→ **What you will do**: Starting with the line that has "(Pseudanthias hypselosoma)" and finishing with the line that has "Juice Fruit Vegetable Pear Transparent PNG", set down each line below exactly. Pictures are not copied.

→ **Material for this task**:
_ _ _ _ _
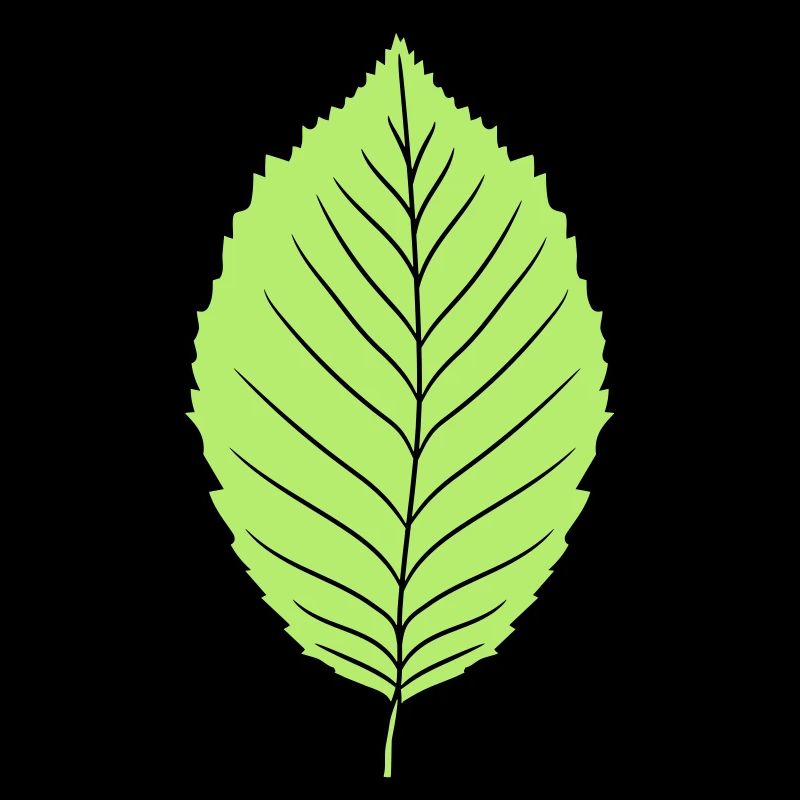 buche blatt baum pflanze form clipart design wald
_ _ _ _ _
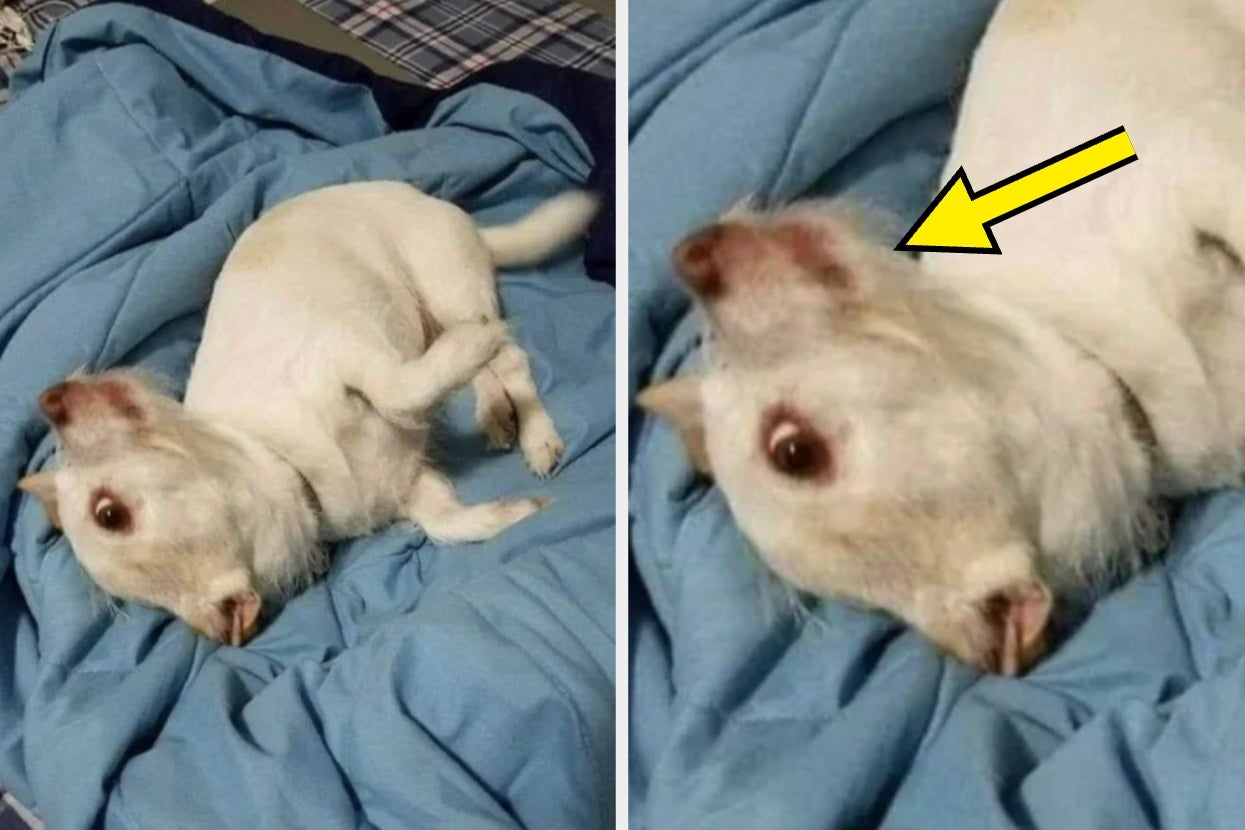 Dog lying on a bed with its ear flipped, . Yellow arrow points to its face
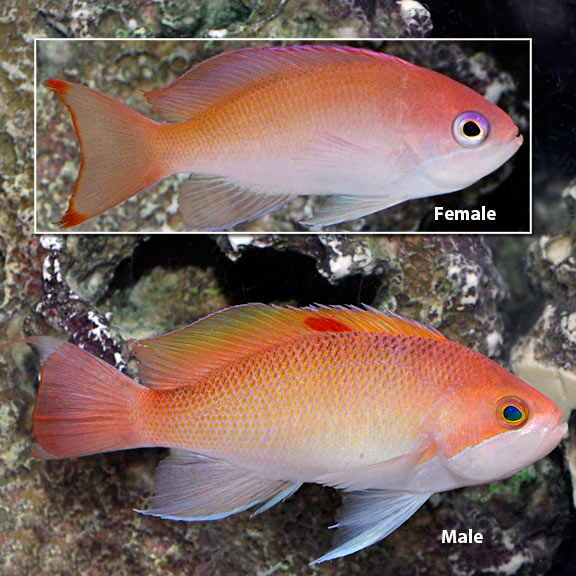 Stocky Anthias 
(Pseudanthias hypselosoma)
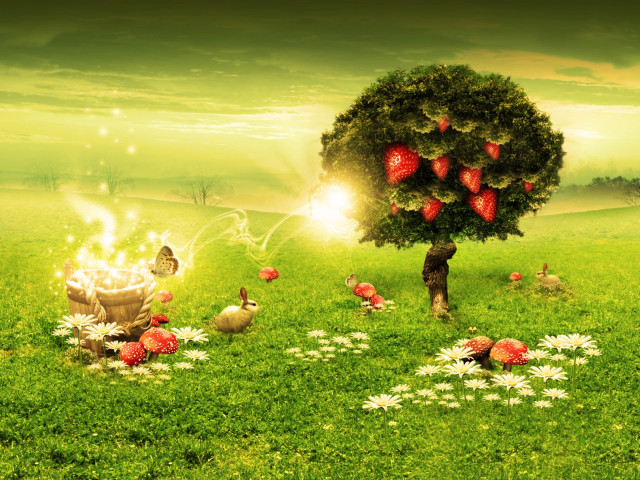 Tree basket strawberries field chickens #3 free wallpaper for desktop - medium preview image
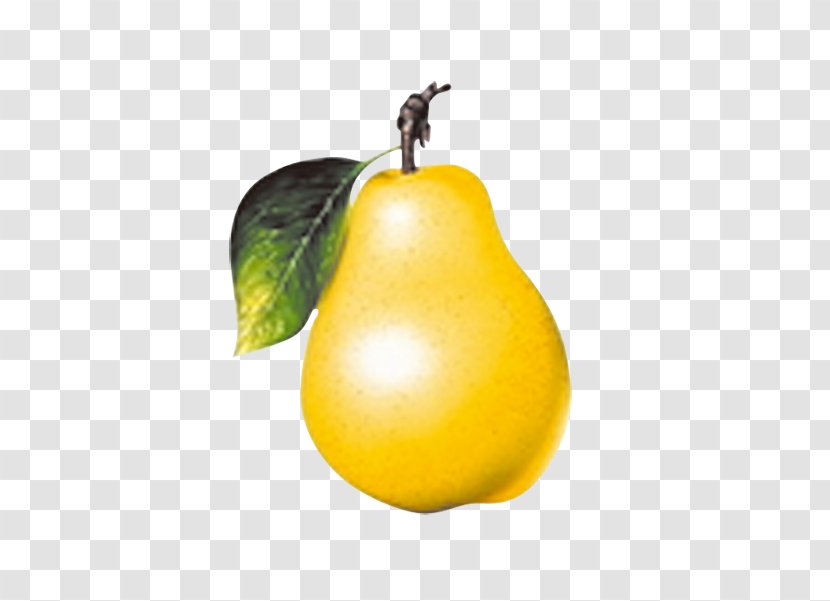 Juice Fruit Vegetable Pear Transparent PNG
_ _ _ _ _
→ **Result for this task**:
(Pseudanthias hypselosoma)
 Tree basket strawberries field chickens #3 free wallpaper for desktop - medium preview image
 Juice Fruit Vegetable Pear Transparent PNG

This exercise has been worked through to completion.